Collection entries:
+++++

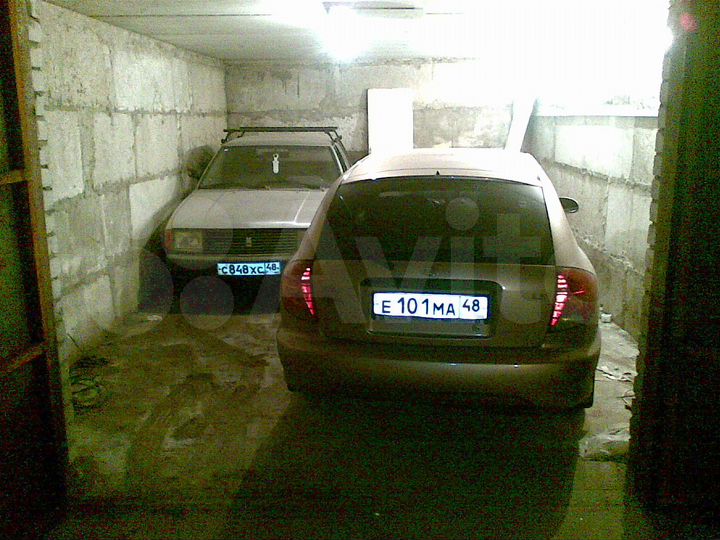 Гараж, 28 м²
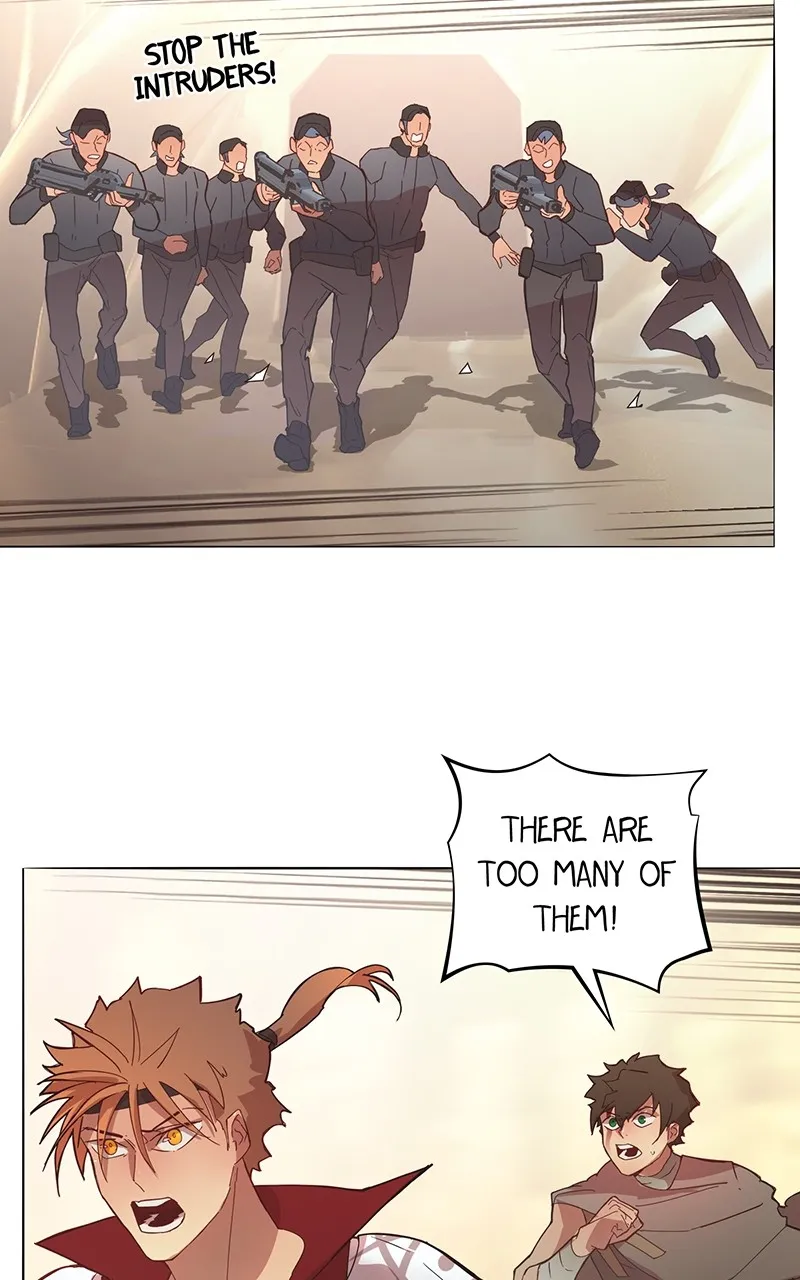 Dreamwalker Chapter 23 page 61 - 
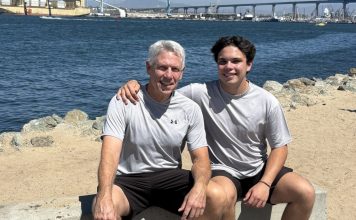 CHS ’25 graduate competes on “The Amazing Race” season 39 with his grandfather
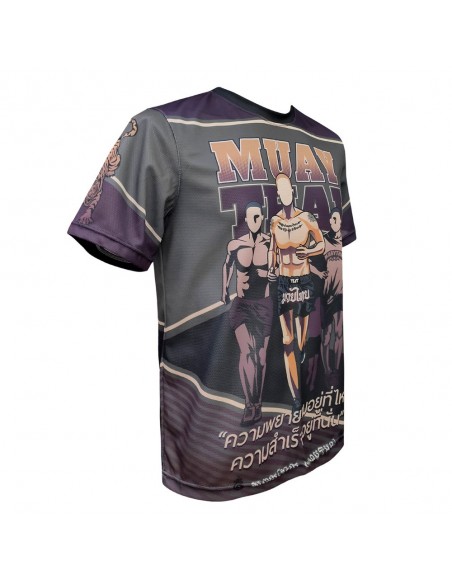 T-shirt - dry fit - TUFF  T-shirt - dry fit - TUFF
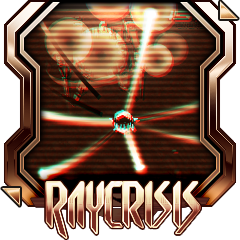 S-So this is a Hyper Laser?! - RAYCRISIS Chapter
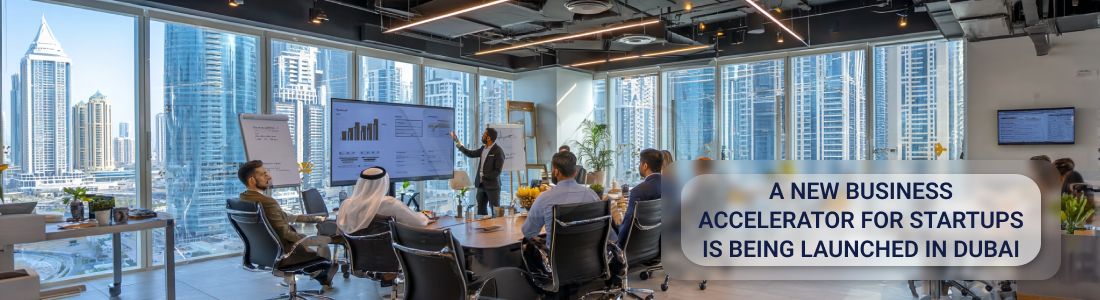 В Дубае запускают новый бизнес-акселератор для стартапов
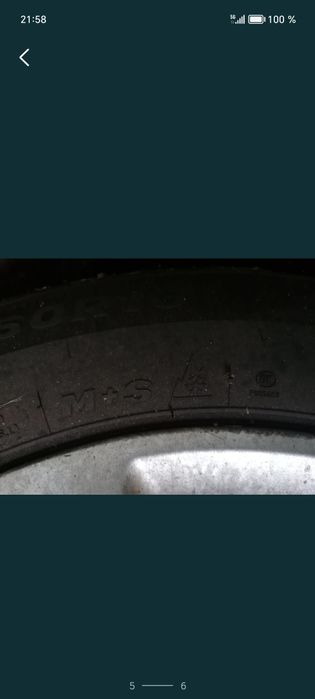 Cauciucuri iarna R16/60/215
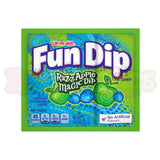Lik-m-aid Fun Dip Razz Apple Magic Dip (12.1g): Mexican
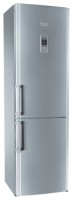 Холодильник с морозильной камерой Hotpoint-ariston HBT 1201.3 M NF H Silver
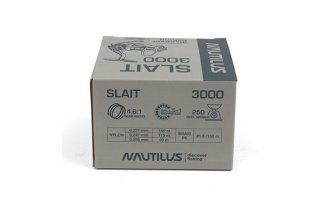  Nautilus Slait 3000 -  -    -  12
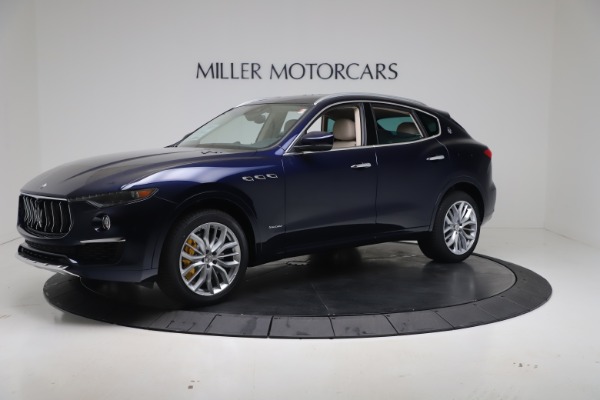 New 2020 Maserati Levante S Q4 GranLusso for sale $97,335 at Pagani of Greenwich in Greenwich CT 06830 2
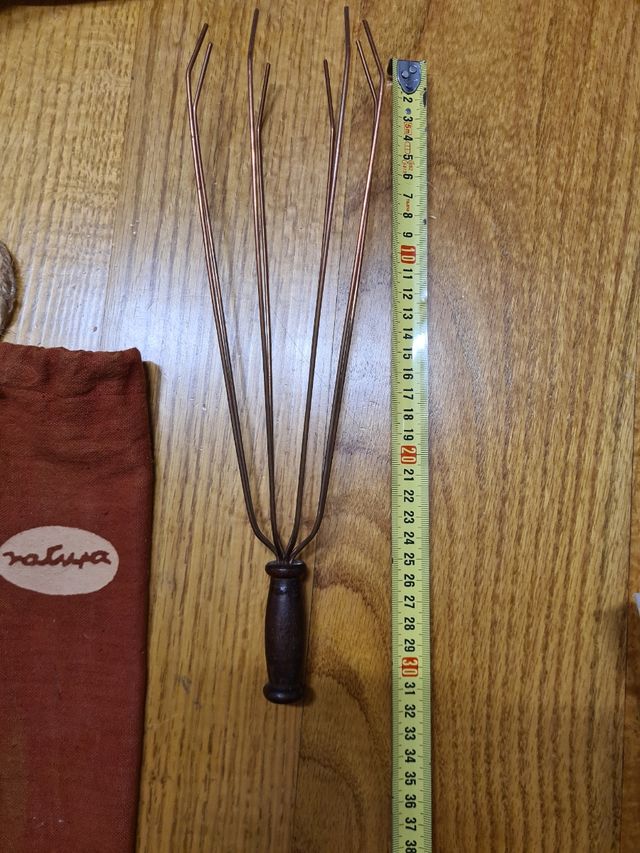 Masaje Australiano de cabeza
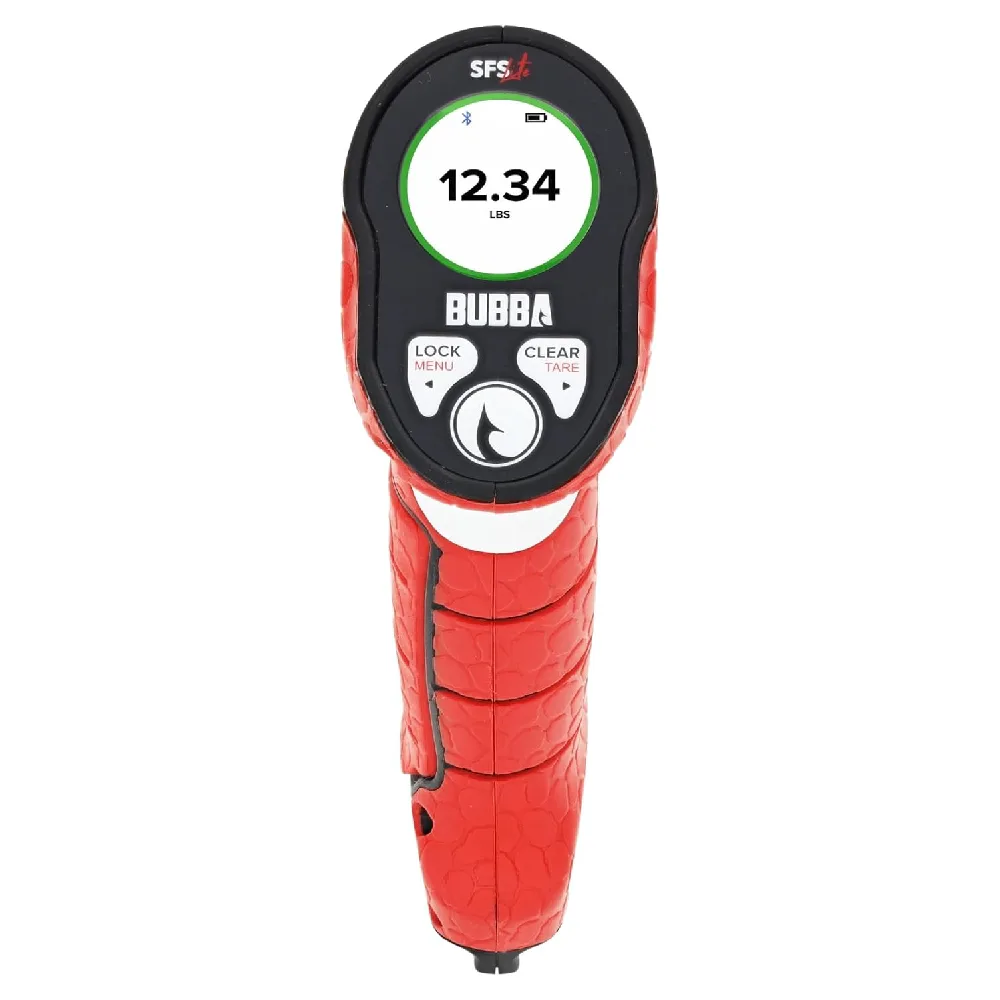 Bubba Smart Fish Scale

+++++

=== Aim of the task ===
Copy the records above precisely, and leave every image out of the copy.

=== Expected answer ===
 Гараж, 28 м²
 Dreamwalker Chapter 23 page 61 - 
 CHS ’25 graduate competes on “The Amazing Race” season 39 with his grandfather
 T-shirt - dry fit - TUFF  T-shirt - dry fit - TUFF
 S-So this is a Hyper Laser?! - RAYCRISIS Chapter
 В Дубае запускают новый бизнес-акселератор для стартапов
 Cauciucuri iarna R16/60/215
Lik-m-aid Fun Dip Razz Apple Magic Dip (12.1g): Mexican
 Холодильник с морозильной камерой Hotpoint-ariston HBT 1201.3 M NF H Silver
  Nautilus Slait 3000 -  -    -  12
 New 2020 Maserati Levante S Q4 GranLusso for sale $97,335 at Pagani of Greenwich in Greenwich CT 06830 2
 Masaje Australiano de cabeza
 Bubba Smart Fish Scale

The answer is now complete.